Non è per questo che essi non ci pensino, ma d'altronde non esiste nel senso che non è porta­trice di ricordi e di emozioni; non ha quindi una sua realtà precisa. Se viene evocata, è a livello di ereditarietà, di interrogativi sulle possibili cause dell'abbandono.

 

2) Il legame con la famiglia affidataria è pos­sibile soltanto dopo che il bimbo vi ha trascorso almeno un anno o più.

Il tempo trascorso nella famiglia affidataria ha influenzato il bimbo e, più questo periodo è stato lungo, più i legami sono forti ed i ricordi riman­gono vivi nella mente del bimbo.
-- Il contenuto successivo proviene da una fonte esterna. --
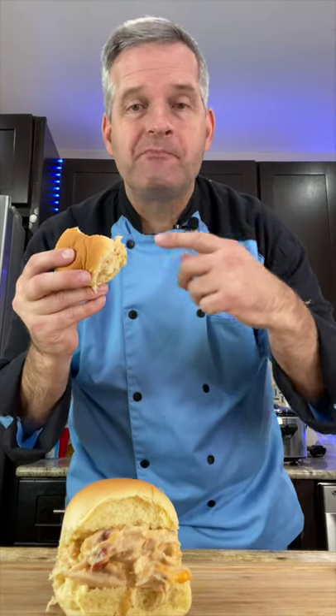Now it's time for the taste test. So I'm going to dig in and see how it tastes. Mmm, this is incredible.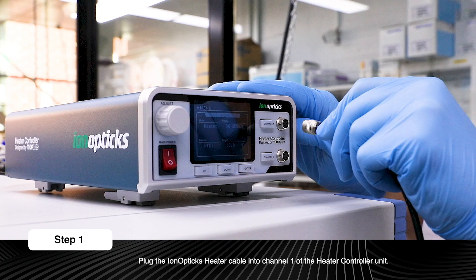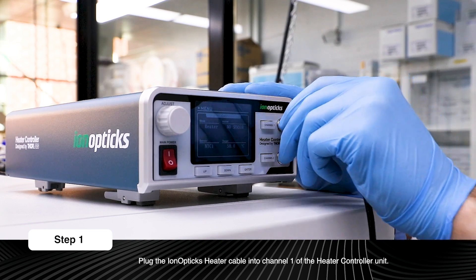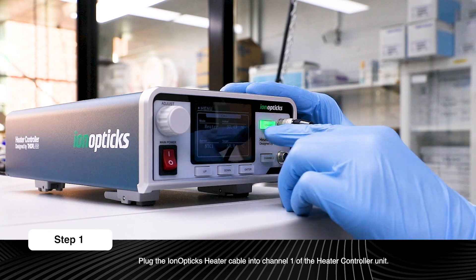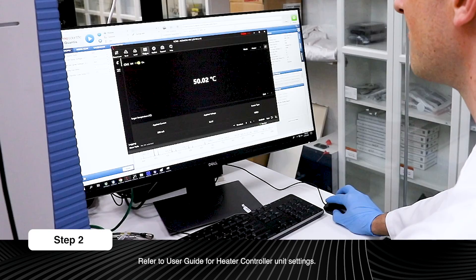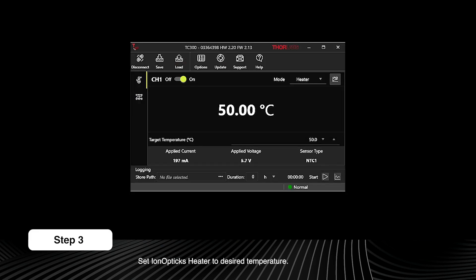Plug the iron optics heater cable into channel 1 of the heater controller unit. Ensure settings on the heater controller unit match the settings outlined in the user guide. Set the iron optics heater to the desired temperature.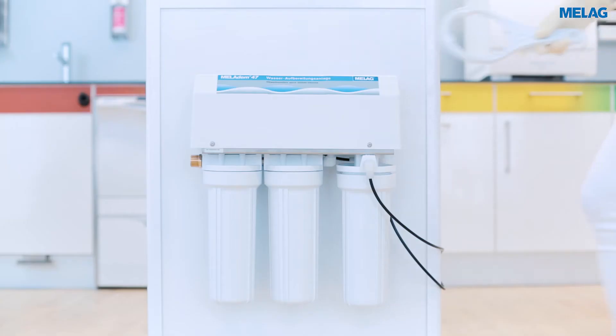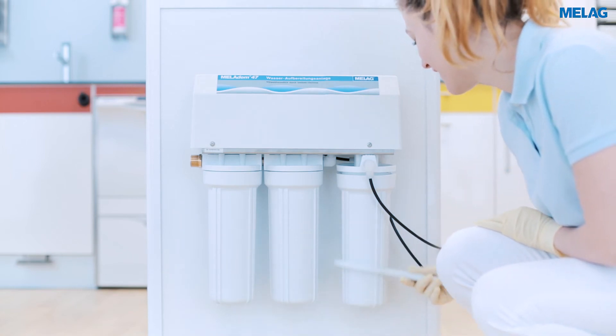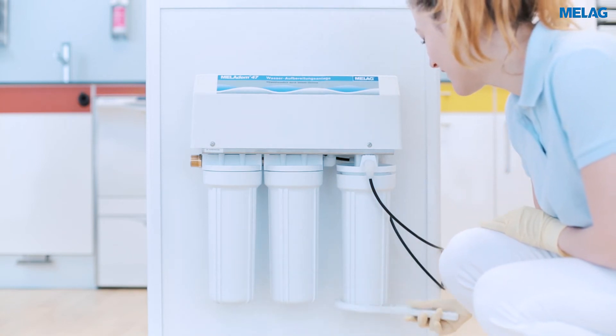You can open the right cartridge container by using the wrench. Please slide the wrench over the container and then turn it clockwise.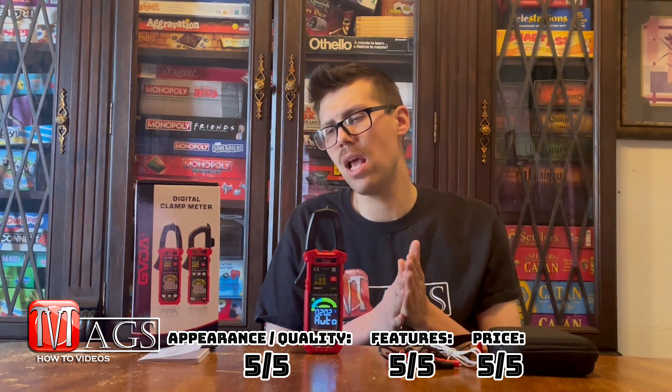The next category is price. They say this thing's valued at roughly 60 bucks — I don't really see that, I'd say it's more around the $40 range — but currently it's being sold on their website for about $28. Right there you've got me sold. $28 is a great price: five out of five.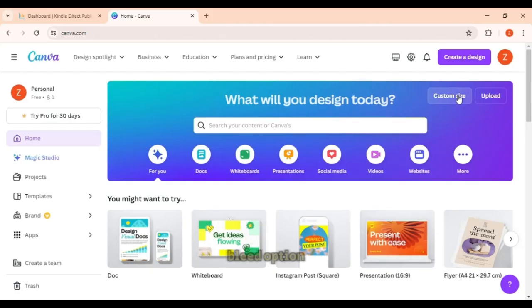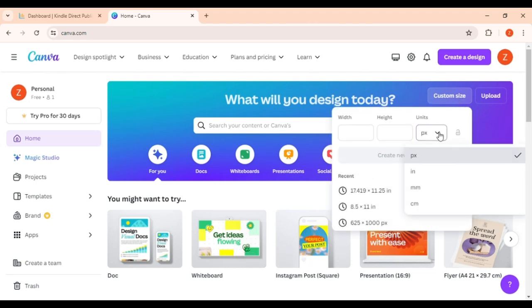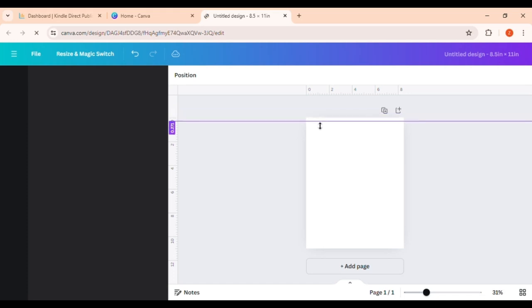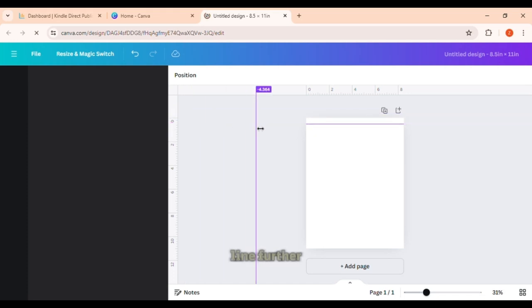First, I will set the page of non-bleed option. If you place your line further away from the pink block, the Amazon KDP error will not show.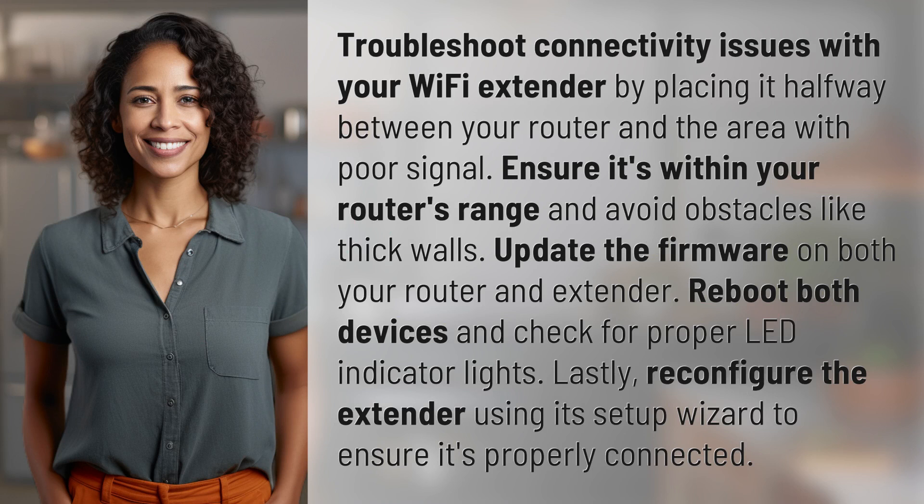Troubleshoot connectivity issues with your Wi-Fi extender by placing it halfway between your router and the area with poor signal. Ensure it's within your router's range and avoid obstacles like thick walls. Update the firmware on both your router and extender.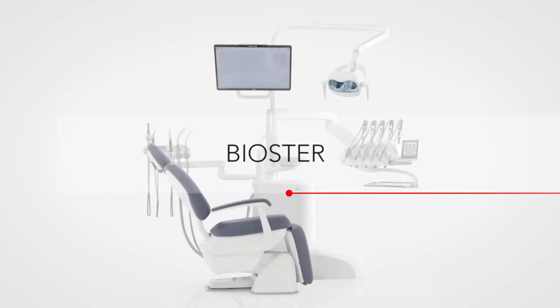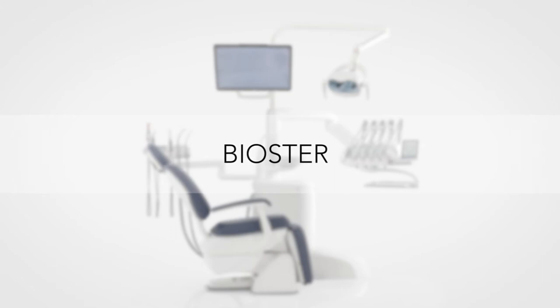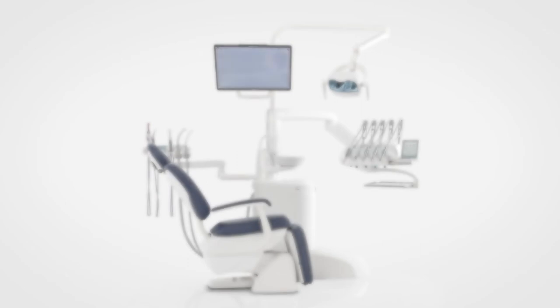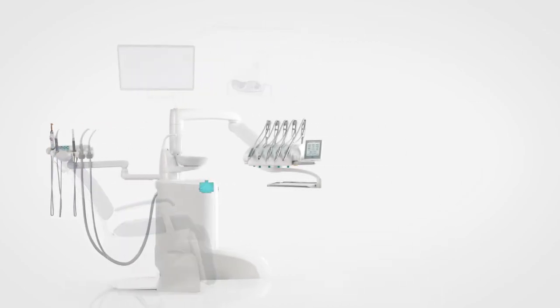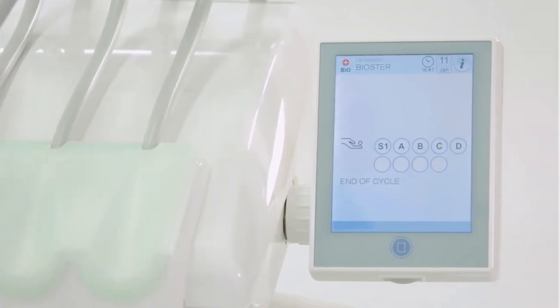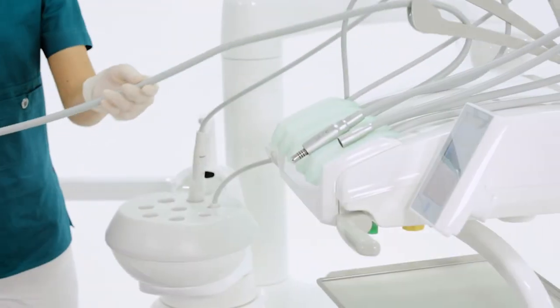The fully automatic Biostare system allows for fast running of dental unit water circuit disinfection cycles with 3% hydrogen peroxide based disinfectant. The following steps are performed: emptying the instrument's water circuits; introducing liquid disinfectant and starting the disinfectant contact time until the required value is reached; emptying the disinfectant and rinsing of the circuits. At cycle end, the full touch control panel displays the message 'end of cycle, put back instruments.'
Tuttavia, appare alquanto difficile, se non impossibile, conservare questi legami dopo l'entrata nella famiglia adot­tiva, a causa della stessa intensità di questi le­gami.

 

3) Un periodo di soggiorno presso focolari la­scia nella maggior parte sintomi di insicurezza.

Sembra che, al contrario della famiglia affida­taria, il focolare non lasci al bimbo la possibilità di creare dei legami, e che questa vita collettiva pesi al bambino, lasciandogli un sentimento spia­cevole, come di dispiacere.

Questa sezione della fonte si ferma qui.